- **Input data**:
####

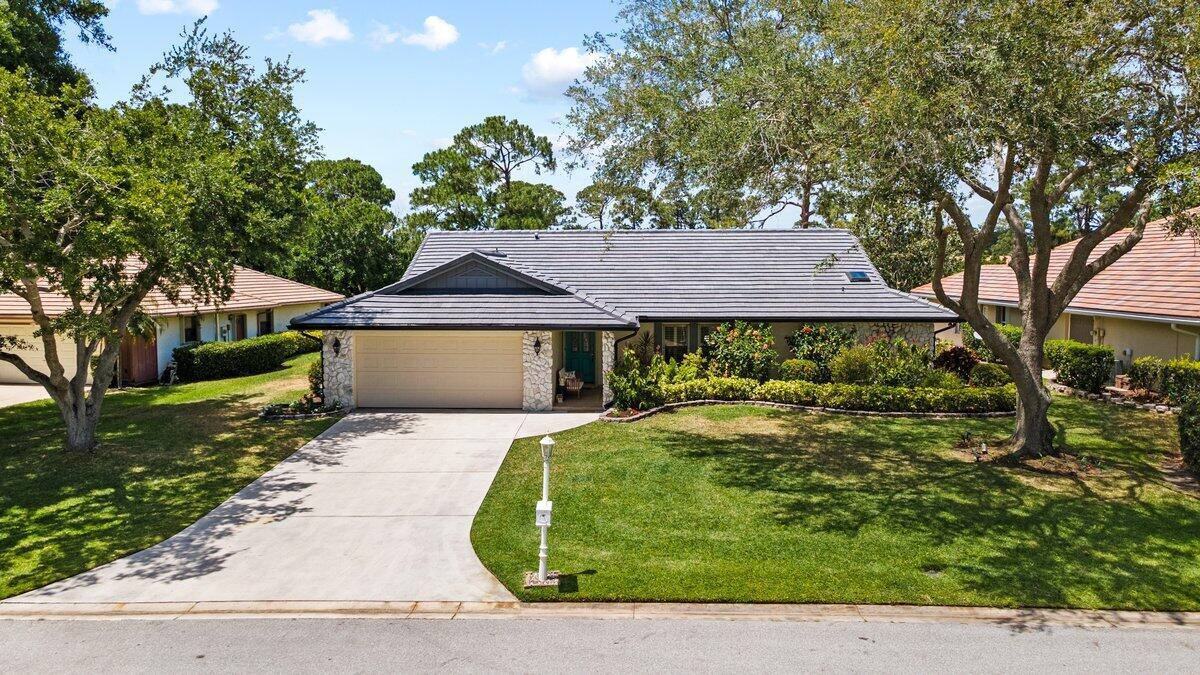 This golf course home boasts a 3-bedroom 2-bathrooms, plus Den, residence situated in Country Club Estates. Enjoy breathtaking views of the golf course from a spacious & a relaxing open patio and a large screened porch. The split floor plan offers convenient living.Trails golf course Membership to the Saint Lucie Trails Golf Club is optional, offering golf and social memberships. Residents can enjoy clubhouse amenities such as a pro golf shop, dining, pool, spa, embodying the essence of Florida country club living. Conveniently located in St. Lucie West near shopping and dining, this remarkable home offers an exceptional living experience that should not be missed!***NEW ROOF IN APRIL 2025******Master Spas Twilight Series - Negotiable***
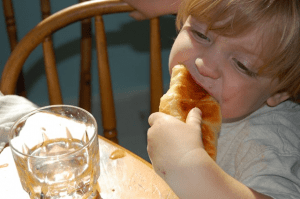 boy eating brioche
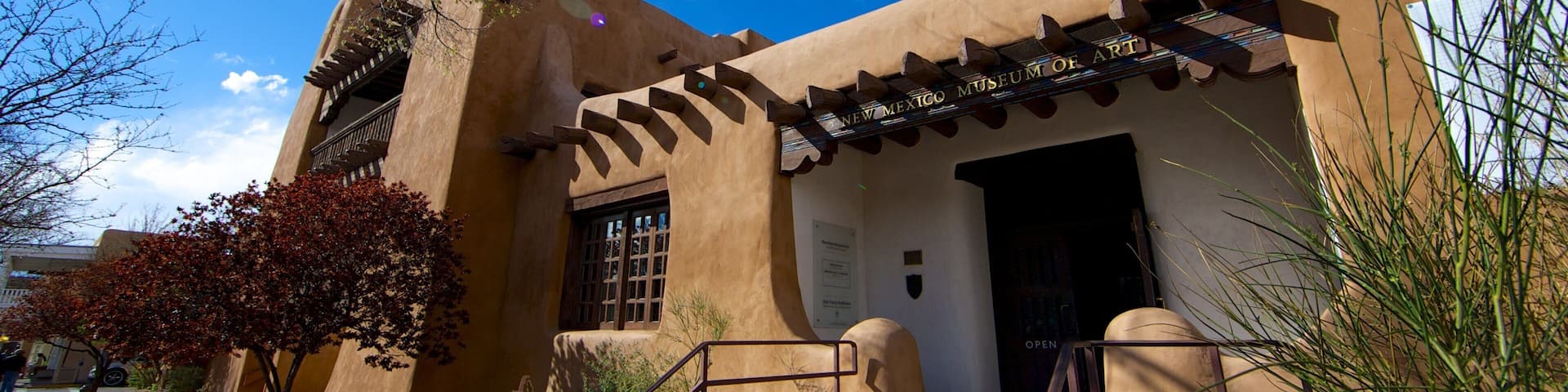 A building with a distinctive architectural style, featuring a tower and a covered entrance.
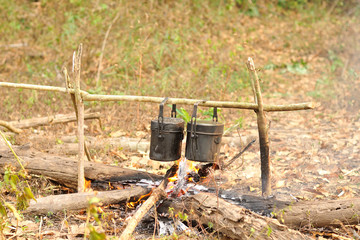 Cooking pot in campfire, Camping in forest, Preparing food on campfire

####

- **Your task**: The full material above must be output verbatim, minus any pictures.

- **Answer box**:
 This golf course home boasts a 3-bedroom 2-bathrooms, plus Den, residence situated in Country Club Estates. Enjoy breathtaking views of the golf course from a spacious & a relaxing open patio and a large screened porch. The split floor plan offers convenient living.Trails golf course Membership to the Saint Lucie Trails Golf Club is optional, offering golf and social memberships. Residents can enjoy clubhouse amenities such as a pro golf shop, dining, pool, spa, embodying the essence of Florida country club living. Conveniently located in St. Lucie West near shopping and dining, this remarkable home offers an exceptional living experience that should not be missed!***NEW ROOF IN APRIL 2025******Master Spas Twilight Series - Negotiable***
 boy eating brioche
 A building with a distinctive architectural style, featuring a tower and a covered entrance.
 Cooking pot in campfire, Camping in forest, Preparing food on campfire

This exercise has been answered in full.